**DATA SHOWN**
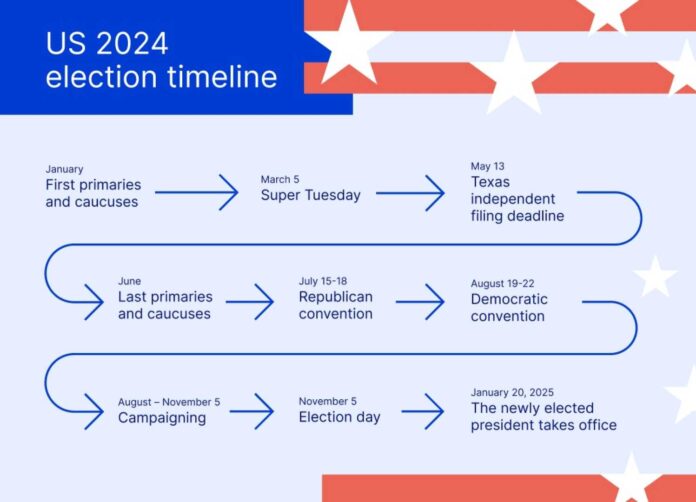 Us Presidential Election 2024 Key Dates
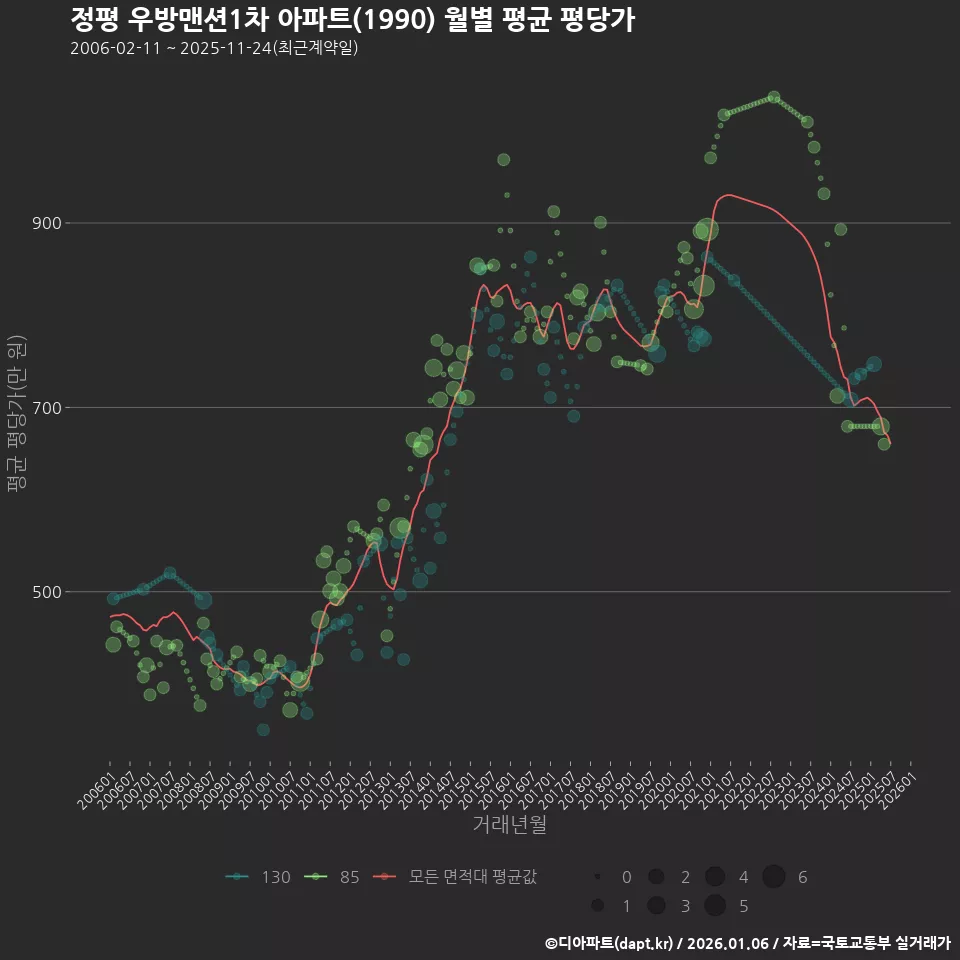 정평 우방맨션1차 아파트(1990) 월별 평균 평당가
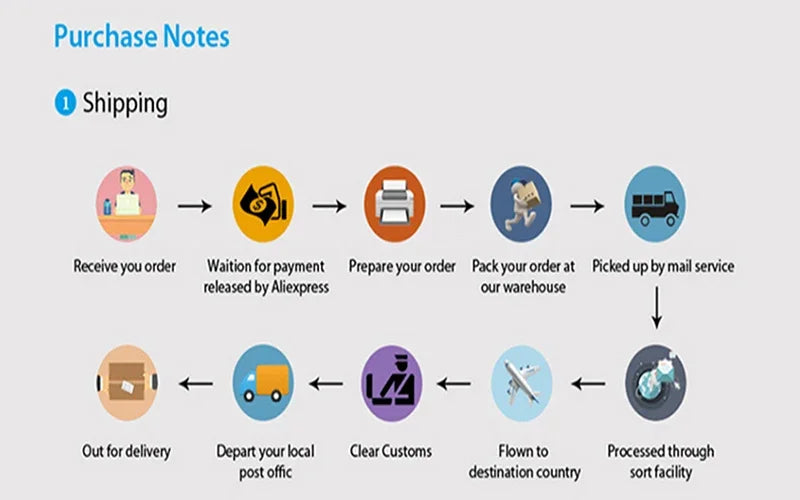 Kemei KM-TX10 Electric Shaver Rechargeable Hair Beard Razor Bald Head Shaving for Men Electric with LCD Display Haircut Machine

**WORK TO COMPLETE**
Print nothing except the lines from the one with "정평 우방맨션1차 아파트(1990) 월별 평균 평당가" through the last line of the listing, exactly as written and with pictures removed.

**ANSWER**
 정평 우방맨션1차 아파트(1990) 월별 평균 평당가
 Kemei KM-TX10 Electric Shaver Rechargeable Hair Beard Razor Bald Head Shaving for Men Electric with LCD Display Haircut Machine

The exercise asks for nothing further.